I had always believed that "You get what you pay for." Quality costs more in most circumstances. I would say, however, that patents provide an exception. It's difficult to feel good about a restriction like a patent that keeps costs prohibitive for many. This game keeps insurance costs high and keeps the medication out of the hands of people who would have to buy it outright.
So, pharmaceutical companies want patients to take their product, paid at a high cost by a third party who's game is keeping their expenditures low in order to increase their profit. Do you see the conundrum here? And despite this confusing state, I am simultaneously sympathetic to all of the research and development that it takes to produce a drug and get it trough the FDA for approval.
Okay, patented drugs cost a lot. Are generic drugs safe, effective, and worth using? Or are they akin to that dollar store utility tool that my son bought which broke within minutes outside the package - cheap junk?
Reports surfaced this week about a recall on generic Lipitor due to the presence of glass shards. This raises questions about the safety of generic medications. My opinion is that most generics are fine, but I would question your pharmacy about where the generic was produced, being leery of those produced outside the U.S. The manufacturer of the glass tainted Lipitor, for instance, has been cited in the past for quality issues and was further caught lying about its monitoring practices.
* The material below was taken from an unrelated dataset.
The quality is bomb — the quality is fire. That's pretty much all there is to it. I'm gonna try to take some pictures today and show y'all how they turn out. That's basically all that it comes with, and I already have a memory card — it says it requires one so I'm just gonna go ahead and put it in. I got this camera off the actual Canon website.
In sum, provided that the manufacturer is reputable, they are a darn good deal.
The Walmart Business Model
For six years now, Walmart has offered a number of drugs for $4 per month or $10 for three months, and there are now over 300 drugs on this list. As a primary care doctor, I feel that this list is quite comprehensive and covers most prescription I write. Interestingly, most pharmacy/grocery chains followed suit, worried that they would see a mass exodus of their clientele, while stand-alone pharmacy chains such as Walgreens, Rite Aid and CVS did not adopt the $4 business model.
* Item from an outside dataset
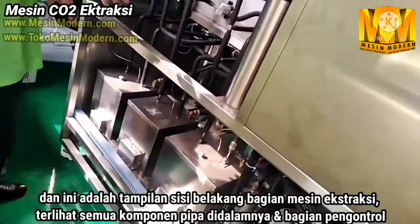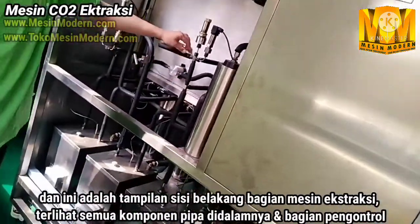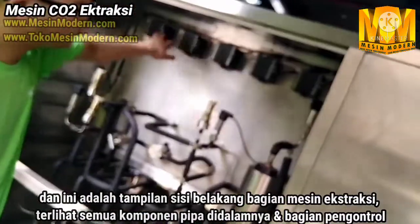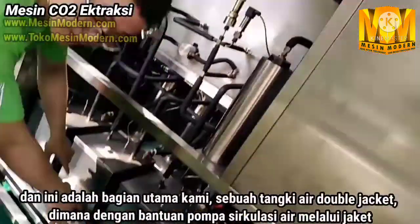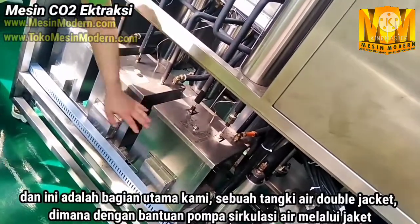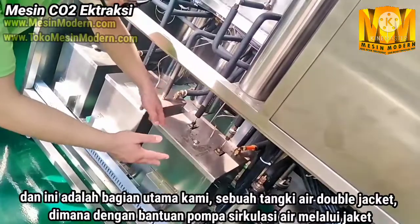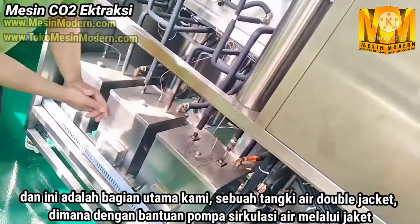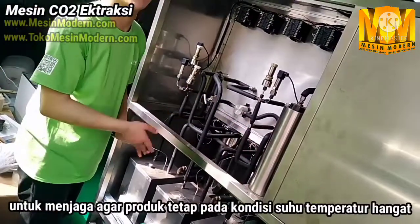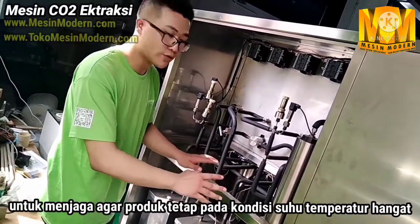Here is the back side of the machine. You can see the pipelines, and also the back side of the controllers. And here is a main part — the water tank. We call it a water box. The water is inside, and with the help of a water circulation pump, the water will circulate through the jacket of the vessels.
In analyzing this model, the $4 (and sometimes free) pharmaceuticals are much like the "door busters" of Black Friday. Any profit lost is made up in other ways. For instance, Meijer gives away many antibiotics for free. They know that while an ill person waits for this antibiotic, they are quite likely to stock up on a decongestant, Tylenol, and Kleenex. At Walmart, the person waiting for their $4 blood pressure medication is likely to pick up groceries and other items needed. A 15-30 minute wait in these stores can be costly! The cheap drug is the bait and the wait is the hook.
I can say from personal experience that they do make customers wait. Like it or not, it's all business, and it's up to us to spend or not spend as we wait for the inexpensive pharmaceuticals.
One caution that I do want to share is the tendency for pharmacies to not "pass charges" on cash purchases of pharmaceuticals. This means that the medications are not registered and put into a system that can be monitored by insurance carriers, etc. The benefit of doing this is that the prescribed drugs go though a program that checks for interactions with other medications being taken. It is a nice system of checks that can prevent problems. If you do pay cash for reduced rate medications, make sure that your pharmacist is checking for interactions with your other medications.
Same Benefit, Fraction of the Cost
Pharmaceutical costs (unlike the cost of most everything else we are buying) are decreasing rapidly with the expiration of patents in major drug classes. Patients will reap the benefits directly with decreased out of pocket cost. Decreased costs on the part of the insurance companies may or may not be passed on to patients via savings on premiums. Provided that the manufacturer is reputable (a U.S. company under strict regulations by the FDA), generic medications provide the same benefit and safety at a fraction of the cost.